Story of the first Merc in Ireland revealed

IT'S September 1968 and Mercedes-Benz has just brought home one of its own to Stuttgart, Germany – a yellow 1902 Benz Spider. The car is over 65 years old but has been restored and is in perfect working order.

IT'S September 1968 and Mercedes-Benz has just brought home one of its own to Stuttgart, Germany – a yellow 1902 Benz Spider. The car is over 65 years old but has been restored and is in perfect working order.

Sold to Mercedes-Benz by an English collector, little is known about this particular model's origins – the registration plate 'IO 68' from Kildare, Ireland, is the only visible clue to the car's past.

Fifteen years later, while reading the newspaper in his Dublin home, John Murphy comes across a report of a vintage car rally that catches his eye. A 1902 Benz Spider bearing the registration plate IO 68 – "with an air of mystery" about it – is one of the cars taking part in the rally.
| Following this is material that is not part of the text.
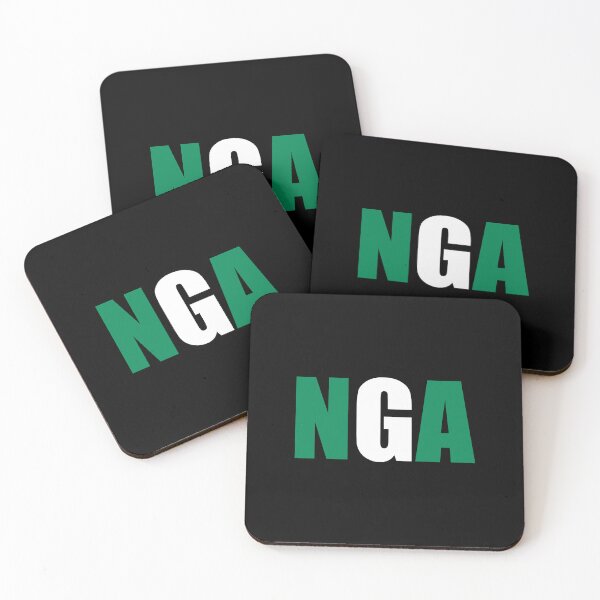 Item preview, Nigeria Flag Initials NG designed and sold by shitpostee.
The car had been brought specially to Ireland from the Mercedes-Benz heritage fleet in Germany to take part in a vintage car rally to celebrate the 80th anniversary of the Gordon Bennett Motor Race.

"I knew that was grandad's car," John recalls, as he holds an original photograph of his grandfather, John P Murphy, in the driver's seat of the 1902 Benz Spider beside his wife Alice, taken outside their home in Rathangan, Co Kildare in 1905.

That newspaper report triggered a series of events that would eventually lead John to Mercedes-Benz in Stuttgart to be reunited with his grandfather's car and provide Mercedes-Benz with some vital details about the car's early life.

The car was, in fact, Ireland's first Mercedes-Benz, and its story begins at the turn of the last century, when John Peter Murphy of Murphy Brothers, Rathangan, was operating a thriving malting business, providing much valued employment in the town. He had a technical mind, putting the first diesel engine into a canal boat to transport malt to the Guinness plant in Dublin and, naturally, he had a keen interest in cars, too.

"I believe he paid 8,500 gold marks for the car. It was an awful lot of money at the time," says John. The car was used to power the threshing machines so the Benz Spider was a working car for the Murphys, as well as being one for recreation.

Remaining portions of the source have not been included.